The dataset has not been researched and compiled 'by hand', nor will that happen in future. The aim of the project is to collect and share existing open data which is already "out there", not to compile a new resource from scratch.

How many records are there?

There are currently over 31,000 records in the OrgRef dataset, and we expect this to grow gradually over time.

The aim of the project is not to be completely comprehensive, but to share information about the most significant organizations which are involved with academic content.

It's also worth bearing in mind that, the academic journals market might not be as big as you think!

What if I find a mistake?

The project remains 'in beta', so you might discover errors in the data, important organizations which are missing, or irrelevant organizations which are included.

Please if you do find any issues, to help us to improve the quality of the dataset over time. The more feedback we receive, the better we can make OrgRef, for everybody's benefit.

Remember that the majority of the dataset has been derived from Wikipedia, so if a mistake in OrgRef reflects an inaccuracy in Wikipedia, please consider correcting it within Wikipedia. The OrgRef crawler is re-checking records regularly, so any corrections will be picked up automatically within a matter of weeks.

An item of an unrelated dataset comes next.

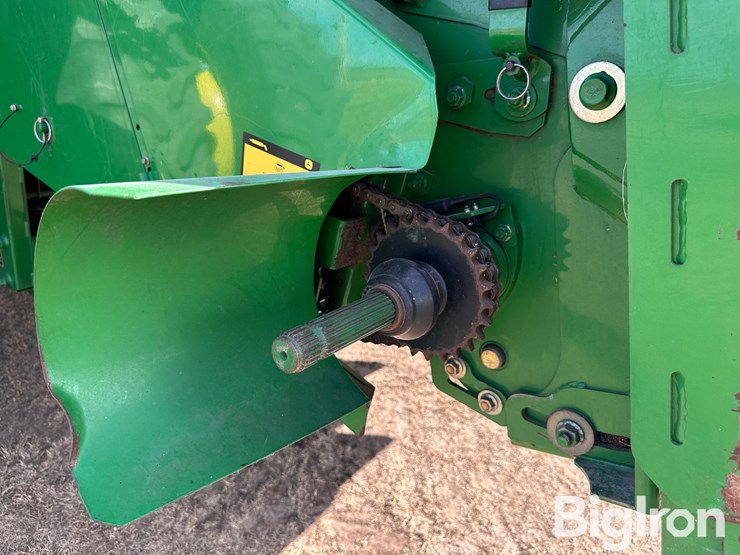 2008-john-deere-9670-sts-image-12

Why isn't more information included?

We're launching OrgRef with an initial set of core fields (listed below), but we are planning to add more fields of information in future.

For example, we are already working on harvesting city information and state/county names for non-US records, and on classifying each organization (as 'University', 'Hospital', etc.). We'll release those fields as soon as we think they are good enough to share.

If you think there is a particular type of information which it would be useful to add - and which is available online from a free and open resource - then please .

Will the dataset be kept up-to-date?

Yes - DataSalon are committed to managing and improving the OrgRef dataset long-term. The latest version will always be made available via the Download page, and updated versions will be published at least once per month.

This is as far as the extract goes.